In the aftermath of the storm, students and faculty returned to classrooms virtually. With the Tulane community spread out across the nation, Fitts felt a keen sense of pride in the transition from evacuation to online learning. 

“We had gone through something similar a year and a half ago. We went from on ground to online, and this was sort of from on ground to about a week and a half online and then back. It worked out well, I think. I think the faculty have understood remote learning and how to continue their classes in that way,” Fitts said, before adding that faculty were required to include an online learning process in their course planning.

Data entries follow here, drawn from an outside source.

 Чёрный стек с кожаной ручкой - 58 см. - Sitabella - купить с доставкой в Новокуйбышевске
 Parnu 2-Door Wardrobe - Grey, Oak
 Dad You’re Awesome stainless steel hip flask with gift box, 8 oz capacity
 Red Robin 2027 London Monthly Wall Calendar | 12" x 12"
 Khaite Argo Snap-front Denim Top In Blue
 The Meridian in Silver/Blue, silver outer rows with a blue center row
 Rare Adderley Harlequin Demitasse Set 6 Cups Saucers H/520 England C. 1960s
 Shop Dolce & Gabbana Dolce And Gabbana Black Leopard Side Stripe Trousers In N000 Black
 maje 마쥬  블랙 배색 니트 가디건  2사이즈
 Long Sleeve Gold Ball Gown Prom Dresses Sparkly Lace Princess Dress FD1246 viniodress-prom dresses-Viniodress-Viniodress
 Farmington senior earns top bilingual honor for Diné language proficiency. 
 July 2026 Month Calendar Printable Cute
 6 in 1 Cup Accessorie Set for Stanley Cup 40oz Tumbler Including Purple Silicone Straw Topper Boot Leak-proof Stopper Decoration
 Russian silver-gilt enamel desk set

According to the same senior faculty member, this requirement is a point of concern, as it can create issues for faculty members with young children or home damage.

With students and faculty both back on the ground, and power restored to the New Orleans metropolitan area, widespread online learning has, for the time being, ceased.

The question of what happens after Ida goes beyond just the immediate storm damage. New Orleans faces an increased risk of extreme weather events due to anthropogenic climate change.

Fitts sees Tulane as uniquely placed to help answer questions around storm resiliency, not just in New Orleans, but across the country. 

“How can we make sure in the future we can handle and confront storms in a better way?” Fitts said. “One of my takeaways from this experience is a whole lot of the planning in New Orleans for storms turned out to be very successful.”